‘Lord Krishna’ Nitish Bhardwaj is pleasantly surprised to know that one of his old films Naache Nagin Gali Gali is a craze online with over 60 million views. And still counting. The film released in 1989, directed by Mohanji Prasad, stars the director’s favourite actress Meenakshi Sheshadri alongside Nitish Bhardwaj. The films is a weird kinky and tacky tale of two snakes played by Sheshadri and Bhardwaj
Nitish recalls how he was a virtual newcomer on the sets. “Meenakshi was my senior and a very well-established actress. I was new to cinema. In fact I was a visitor on the sets of Meenakshi’s debut film Painter Babu at Filmistan studios. When we began shooting together for Naache Nagin Gali Gali (NNGG) Meenakshi was very reserved. To break the ice I told her exactly what happened on the sets of Painter Babu on the days when I was a visitor. She was completely stumped. She wanted to know how I knew all of that. That’s how we became friends.”
It was very important for the lead pair to be comfortable with one another as they had to perform some really awkward intimate scenes.

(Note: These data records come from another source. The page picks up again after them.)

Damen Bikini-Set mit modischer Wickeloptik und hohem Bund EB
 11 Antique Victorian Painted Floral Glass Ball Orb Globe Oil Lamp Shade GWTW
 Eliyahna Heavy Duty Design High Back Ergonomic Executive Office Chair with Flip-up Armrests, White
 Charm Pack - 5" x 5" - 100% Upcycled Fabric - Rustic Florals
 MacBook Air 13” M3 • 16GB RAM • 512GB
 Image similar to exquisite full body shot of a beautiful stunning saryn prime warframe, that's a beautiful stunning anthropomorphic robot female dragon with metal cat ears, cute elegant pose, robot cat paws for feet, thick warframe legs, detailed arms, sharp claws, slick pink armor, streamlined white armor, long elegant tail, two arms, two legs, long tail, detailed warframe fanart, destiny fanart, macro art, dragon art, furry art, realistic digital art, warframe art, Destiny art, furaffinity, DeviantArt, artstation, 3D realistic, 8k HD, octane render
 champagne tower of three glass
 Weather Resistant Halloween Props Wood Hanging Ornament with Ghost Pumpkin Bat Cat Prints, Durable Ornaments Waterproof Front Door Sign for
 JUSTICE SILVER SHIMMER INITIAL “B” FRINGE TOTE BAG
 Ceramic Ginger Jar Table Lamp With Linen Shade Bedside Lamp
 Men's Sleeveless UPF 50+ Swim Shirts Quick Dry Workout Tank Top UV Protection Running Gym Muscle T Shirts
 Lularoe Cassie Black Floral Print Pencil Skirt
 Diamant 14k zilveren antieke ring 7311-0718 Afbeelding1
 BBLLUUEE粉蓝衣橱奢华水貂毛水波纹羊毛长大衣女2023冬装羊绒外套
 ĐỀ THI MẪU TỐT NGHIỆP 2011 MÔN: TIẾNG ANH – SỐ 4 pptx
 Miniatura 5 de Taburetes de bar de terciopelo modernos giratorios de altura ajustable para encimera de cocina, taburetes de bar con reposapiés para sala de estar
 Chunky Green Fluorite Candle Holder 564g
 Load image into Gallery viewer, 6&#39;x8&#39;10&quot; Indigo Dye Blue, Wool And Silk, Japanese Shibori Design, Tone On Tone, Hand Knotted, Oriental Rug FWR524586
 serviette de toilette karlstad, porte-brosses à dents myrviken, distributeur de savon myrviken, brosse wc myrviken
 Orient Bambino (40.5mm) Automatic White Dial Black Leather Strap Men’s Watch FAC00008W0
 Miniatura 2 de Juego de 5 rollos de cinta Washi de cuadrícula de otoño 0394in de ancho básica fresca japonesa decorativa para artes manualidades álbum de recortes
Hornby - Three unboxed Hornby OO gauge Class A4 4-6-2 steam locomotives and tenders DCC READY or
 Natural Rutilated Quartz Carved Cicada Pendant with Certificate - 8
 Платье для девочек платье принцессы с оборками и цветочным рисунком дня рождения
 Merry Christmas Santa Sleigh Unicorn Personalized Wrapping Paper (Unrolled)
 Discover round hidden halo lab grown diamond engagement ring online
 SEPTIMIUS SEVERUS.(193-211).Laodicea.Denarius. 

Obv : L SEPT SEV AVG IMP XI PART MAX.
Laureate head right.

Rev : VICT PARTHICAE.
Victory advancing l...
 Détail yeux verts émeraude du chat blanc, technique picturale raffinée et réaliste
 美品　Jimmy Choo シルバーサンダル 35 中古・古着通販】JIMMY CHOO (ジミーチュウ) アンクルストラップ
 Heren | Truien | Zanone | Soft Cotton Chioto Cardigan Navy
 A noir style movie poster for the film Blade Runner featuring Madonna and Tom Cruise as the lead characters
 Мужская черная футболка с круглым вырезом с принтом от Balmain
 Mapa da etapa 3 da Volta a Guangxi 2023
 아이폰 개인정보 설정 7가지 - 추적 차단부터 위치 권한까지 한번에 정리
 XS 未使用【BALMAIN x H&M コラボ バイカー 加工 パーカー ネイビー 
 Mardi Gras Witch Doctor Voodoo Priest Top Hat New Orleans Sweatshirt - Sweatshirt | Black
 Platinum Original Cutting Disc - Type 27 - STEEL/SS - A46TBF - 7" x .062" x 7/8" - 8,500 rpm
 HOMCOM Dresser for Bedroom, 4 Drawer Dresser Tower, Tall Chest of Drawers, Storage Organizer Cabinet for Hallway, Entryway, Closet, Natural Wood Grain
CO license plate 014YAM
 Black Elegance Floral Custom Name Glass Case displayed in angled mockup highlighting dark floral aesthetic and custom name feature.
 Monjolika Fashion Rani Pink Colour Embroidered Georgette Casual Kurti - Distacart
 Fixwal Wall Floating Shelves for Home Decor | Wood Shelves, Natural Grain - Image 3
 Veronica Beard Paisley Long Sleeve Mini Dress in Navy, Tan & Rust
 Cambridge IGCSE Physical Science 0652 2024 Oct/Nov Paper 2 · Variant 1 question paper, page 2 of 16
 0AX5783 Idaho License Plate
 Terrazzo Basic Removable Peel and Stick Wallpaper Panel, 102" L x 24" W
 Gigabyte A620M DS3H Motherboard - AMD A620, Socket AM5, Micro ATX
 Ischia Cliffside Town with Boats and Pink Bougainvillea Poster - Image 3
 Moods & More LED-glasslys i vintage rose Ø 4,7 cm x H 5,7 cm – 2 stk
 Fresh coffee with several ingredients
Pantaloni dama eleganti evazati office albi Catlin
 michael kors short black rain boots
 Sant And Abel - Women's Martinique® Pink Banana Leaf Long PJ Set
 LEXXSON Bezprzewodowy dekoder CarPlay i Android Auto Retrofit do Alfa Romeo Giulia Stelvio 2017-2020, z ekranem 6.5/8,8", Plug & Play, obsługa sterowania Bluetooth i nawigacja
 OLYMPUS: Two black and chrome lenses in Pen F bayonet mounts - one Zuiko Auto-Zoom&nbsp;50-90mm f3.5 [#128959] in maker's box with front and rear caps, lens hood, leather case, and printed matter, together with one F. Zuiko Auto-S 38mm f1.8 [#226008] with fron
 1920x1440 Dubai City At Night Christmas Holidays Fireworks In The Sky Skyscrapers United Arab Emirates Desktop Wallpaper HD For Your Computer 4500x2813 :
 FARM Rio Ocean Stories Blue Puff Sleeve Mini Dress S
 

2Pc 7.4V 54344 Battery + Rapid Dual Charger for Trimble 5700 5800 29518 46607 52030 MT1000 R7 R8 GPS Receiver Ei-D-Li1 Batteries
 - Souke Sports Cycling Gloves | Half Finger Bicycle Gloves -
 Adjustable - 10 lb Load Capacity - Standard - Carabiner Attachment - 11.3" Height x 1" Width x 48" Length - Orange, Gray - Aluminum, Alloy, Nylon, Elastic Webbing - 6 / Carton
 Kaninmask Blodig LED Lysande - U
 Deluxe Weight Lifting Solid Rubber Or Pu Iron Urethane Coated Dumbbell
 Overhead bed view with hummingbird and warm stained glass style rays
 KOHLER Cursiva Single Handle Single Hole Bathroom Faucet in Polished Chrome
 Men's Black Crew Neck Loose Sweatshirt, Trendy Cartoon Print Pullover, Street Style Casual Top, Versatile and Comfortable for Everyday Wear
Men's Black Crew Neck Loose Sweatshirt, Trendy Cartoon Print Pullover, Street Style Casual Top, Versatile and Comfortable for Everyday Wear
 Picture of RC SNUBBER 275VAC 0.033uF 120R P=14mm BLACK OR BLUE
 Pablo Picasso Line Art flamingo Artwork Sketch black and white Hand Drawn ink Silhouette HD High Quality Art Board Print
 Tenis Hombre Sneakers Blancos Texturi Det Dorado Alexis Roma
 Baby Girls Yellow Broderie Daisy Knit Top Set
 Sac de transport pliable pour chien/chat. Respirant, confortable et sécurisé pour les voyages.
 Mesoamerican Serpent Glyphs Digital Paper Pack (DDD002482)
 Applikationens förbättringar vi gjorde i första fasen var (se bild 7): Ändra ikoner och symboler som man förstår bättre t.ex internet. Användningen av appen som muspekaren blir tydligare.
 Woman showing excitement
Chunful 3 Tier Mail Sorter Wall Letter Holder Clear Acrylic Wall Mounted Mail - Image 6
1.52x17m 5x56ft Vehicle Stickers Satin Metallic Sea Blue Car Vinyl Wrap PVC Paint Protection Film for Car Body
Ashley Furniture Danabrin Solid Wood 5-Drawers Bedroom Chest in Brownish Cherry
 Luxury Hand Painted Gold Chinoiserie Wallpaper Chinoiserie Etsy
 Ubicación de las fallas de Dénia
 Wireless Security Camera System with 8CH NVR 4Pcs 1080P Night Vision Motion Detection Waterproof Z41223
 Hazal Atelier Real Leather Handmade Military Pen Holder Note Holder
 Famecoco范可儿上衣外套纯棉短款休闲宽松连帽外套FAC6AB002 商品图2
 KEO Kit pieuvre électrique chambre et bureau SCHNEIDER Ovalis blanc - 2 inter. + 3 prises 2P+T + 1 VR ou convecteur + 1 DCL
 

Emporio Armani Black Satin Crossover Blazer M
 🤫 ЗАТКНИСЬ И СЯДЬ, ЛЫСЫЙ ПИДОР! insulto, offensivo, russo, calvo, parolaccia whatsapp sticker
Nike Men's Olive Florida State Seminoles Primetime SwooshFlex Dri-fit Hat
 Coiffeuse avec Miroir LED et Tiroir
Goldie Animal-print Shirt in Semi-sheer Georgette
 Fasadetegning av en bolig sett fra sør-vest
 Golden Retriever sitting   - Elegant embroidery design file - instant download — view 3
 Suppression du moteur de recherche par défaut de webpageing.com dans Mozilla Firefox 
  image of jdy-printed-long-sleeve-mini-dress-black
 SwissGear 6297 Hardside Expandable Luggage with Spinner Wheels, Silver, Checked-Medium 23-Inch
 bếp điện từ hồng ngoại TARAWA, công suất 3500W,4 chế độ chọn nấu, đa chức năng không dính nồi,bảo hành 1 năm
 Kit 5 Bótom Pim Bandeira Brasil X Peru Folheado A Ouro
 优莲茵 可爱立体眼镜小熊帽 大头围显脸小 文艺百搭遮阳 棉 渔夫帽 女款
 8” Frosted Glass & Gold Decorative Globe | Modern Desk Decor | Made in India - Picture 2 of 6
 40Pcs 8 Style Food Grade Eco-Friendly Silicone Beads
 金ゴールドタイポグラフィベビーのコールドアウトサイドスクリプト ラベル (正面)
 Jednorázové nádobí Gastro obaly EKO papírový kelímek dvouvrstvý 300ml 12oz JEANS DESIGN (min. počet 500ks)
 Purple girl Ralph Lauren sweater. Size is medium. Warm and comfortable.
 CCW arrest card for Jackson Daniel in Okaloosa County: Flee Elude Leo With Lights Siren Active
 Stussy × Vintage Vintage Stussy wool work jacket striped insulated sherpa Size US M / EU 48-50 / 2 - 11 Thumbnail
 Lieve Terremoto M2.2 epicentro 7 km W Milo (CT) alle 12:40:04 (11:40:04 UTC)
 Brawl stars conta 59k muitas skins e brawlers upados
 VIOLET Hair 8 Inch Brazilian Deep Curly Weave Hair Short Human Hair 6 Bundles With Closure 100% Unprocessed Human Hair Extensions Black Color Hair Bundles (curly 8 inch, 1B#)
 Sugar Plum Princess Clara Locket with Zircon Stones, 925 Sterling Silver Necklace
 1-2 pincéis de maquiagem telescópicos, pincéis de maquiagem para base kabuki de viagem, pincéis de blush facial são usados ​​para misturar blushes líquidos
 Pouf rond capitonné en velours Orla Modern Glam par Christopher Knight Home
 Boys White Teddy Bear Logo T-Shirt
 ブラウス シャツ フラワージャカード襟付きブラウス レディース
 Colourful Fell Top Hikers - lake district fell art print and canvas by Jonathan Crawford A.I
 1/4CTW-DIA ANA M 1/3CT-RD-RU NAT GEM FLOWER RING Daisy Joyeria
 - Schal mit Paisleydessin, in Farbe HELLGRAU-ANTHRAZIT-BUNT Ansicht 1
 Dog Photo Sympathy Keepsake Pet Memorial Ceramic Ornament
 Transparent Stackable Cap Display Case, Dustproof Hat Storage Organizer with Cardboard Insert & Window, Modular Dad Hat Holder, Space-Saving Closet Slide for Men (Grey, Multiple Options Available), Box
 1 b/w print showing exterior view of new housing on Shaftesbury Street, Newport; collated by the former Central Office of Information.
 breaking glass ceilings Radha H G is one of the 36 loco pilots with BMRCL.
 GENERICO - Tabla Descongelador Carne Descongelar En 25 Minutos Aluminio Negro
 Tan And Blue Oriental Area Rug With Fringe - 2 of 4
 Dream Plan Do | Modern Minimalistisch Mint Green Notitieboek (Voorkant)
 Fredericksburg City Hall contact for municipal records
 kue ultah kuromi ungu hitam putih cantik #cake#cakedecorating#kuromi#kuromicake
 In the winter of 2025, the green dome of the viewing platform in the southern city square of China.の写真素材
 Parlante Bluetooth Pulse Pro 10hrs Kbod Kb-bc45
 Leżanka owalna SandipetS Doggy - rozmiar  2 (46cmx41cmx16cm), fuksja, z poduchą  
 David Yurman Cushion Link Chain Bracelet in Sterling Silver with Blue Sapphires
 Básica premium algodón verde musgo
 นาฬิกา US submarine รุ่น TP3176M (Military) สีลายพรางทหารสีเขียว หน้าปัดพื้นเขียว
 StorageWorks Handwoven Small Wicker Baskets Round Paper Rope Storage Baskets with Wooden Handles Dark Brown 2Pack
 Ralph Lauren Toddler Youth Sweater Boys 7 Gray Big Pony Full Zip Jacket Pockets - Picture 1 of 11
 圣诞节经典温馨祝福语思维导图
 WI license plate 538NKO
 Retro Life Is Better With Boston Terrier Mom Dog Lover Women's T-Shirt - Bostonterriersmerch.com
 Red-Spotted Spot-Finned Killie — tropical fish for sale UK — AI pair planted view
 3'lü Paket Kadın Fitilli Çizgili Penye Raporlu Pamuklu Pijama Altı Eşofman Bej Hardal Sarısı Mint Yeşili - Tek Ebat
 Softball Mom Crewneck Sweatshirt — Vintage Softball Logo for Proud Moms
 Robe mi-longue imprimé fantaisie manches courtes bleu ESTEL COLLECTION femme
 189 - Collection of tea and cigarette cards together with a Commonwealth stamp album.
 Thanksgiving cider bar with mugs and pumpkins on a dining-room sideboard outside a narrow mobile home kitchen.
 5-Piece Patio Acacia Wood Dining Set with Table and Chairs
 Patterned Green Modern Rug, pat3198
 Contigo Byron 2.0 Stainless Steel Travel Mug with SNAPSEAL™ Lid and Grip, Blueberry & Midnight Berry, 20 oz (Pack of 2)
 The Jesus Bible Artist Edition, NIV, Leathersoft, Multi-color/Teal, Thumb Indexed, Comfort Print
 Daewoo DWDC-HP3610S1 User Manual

Recalls Nitish with a laugh, “We were supposed to be snakes in human form so we had cling to one another like snakes on a bed. I was very embarrassed because for one, she was my senior and a big star and in any case it would be awkward for any two people to do that kind of an intimate scene. But Meenakshi put me at ease and made sure I was comfortable doing the scenes.”
Interestingly, there was an incident on the set of NNGG where Meenakshi was assaulted by stranger. Confirming this incident Nitish said, “He was stalker, an obsessive fan. But before he could cause any trouble, he was immediately removed by security and handed over to the police. She handled the situation with great dignity. It’s a pity Meenakshi married and left so early in her career when she was so popular and such a fabulous trained dancer. During the shooting she would guide me through my steps.”
How does Nitish explain the massive interest in this mythological potboiler? “I think it is due to the newly found craze for my serials Mahabharat and Krishna among the younger generation.This generation seems more curious about my work beyond my Krishna avatars on screen than the audience of the 1990s.”